### Exercise
Transcribe each line below without altering anything.

### Recorded information
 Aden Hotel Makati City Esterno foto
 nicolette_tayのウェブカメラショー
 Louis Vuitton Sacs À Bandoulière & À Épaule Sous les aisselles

### Expected answer
 Aden Hotel Makati City Esterno foto
 nicolette_tayのウェブカメラショー
 Louis Vuitton Sacs À Bandoulière & À Épaule Sous les aisselles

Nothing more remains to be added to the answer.